**Task input:**
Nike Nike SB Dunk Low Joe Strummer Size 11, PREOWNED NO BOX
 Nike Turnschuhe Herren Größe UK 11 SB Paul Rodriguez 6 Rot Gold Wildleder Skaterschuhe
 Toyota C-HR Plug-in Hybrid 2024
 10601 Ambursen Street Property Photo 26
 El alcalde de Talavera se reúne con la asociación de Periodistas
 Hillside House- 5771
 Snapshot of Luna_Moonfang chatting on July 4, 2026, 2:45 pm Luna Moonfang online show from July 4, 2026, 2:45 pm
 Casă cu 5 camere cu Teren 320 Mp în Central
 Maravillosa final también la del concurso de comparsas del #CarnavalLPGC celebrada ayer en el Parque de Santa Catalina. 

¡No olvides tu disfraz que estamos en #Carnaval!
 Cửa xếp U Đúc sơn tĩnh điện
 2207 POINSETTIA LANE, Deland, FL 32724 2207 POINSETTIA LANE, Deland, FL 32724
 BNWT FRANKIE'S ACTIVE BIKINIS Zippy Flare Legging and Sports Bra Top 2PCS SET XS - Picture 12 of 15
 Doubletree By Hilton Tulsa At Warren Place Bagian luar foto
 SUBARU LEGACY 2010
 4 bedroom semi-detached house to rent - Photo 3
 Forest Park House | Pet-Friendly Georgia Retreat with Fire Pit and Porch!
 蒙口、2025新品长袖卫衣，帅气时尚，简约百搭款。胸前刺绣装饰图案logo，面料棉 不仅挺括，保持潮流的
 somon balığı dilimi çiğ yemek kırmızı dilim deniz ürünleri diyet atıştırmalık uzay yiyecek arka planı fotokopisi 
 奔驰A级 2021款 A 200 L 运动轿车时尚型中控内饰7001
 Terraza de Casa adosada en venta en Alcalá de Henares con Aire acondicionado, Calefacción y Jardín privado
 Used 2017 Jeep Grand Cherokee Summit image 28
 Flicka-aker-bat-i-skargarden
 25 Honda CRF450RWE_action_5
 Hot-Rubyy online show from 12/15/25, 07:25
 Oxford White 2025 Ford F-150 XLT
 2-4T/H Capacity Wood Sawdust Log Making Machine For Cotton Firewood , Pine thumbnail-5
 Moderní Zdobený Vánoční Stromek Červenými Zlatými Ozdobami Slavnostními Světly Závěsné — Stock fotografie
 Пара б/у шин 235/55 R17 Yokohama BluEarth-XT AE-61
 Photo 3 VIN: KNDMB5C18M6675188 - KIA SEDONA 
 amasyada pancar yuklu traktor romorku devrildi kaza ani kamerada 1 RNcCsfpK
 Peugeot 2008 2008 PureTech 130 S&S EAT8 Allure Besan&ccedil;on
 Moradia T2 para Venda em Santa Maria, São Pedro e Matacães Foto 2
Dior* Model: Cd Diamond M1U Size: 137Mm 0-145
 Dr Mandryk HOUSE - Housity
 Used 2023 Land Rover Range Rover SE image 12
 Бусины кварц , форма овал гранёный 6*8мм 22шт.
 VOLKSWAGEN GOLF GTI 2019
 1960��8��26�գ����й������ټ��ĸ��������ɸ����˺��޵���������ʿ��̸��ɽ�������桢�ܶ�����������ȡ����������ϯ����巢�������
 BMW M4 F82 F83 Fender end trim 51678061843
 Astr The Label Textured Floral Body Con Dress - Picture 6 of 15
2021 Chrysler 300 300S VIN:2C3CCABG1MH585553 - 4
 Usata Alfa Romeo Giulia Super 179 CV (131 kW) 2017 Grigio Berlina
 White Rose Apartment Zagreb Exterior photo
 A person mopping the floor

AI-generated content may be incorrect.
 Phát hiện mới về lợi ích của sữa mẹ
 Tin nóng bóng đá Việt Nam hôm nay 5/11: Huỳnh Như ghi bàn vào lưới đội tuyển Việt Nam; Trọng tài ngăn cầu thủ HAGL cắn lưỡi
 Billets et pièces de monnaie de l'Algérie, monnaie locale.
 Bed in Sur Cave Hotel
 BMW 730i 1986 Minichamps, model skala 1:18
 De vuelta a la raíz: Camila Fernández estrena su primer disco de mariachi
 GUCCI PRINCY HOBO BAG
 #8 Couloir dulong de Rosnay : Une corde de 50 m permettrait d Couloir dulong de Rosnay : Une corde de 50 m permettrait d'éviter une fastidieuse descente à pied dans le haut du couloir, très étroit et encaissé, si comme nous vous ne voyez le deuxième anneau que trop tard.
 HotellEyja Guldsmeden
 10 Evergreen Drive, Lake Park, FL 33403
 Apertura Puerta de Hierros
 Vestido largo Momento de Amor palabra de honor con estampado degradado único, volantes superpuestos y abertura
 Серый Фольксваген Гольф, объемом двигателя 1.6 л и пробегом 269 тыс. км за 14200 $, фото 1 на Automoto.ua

**Task goal:** Go through the material above, and wherever a line holds the word "from", copy it.

**Task answer:**
 Snapshot of Luna_Moonfang chatting on July 4, 2026, 2:45 pm Luna Moonfang online show from July 4, 2026, 2:45 pm
 Hot-Rubyy online show from 12/15/25, 07:25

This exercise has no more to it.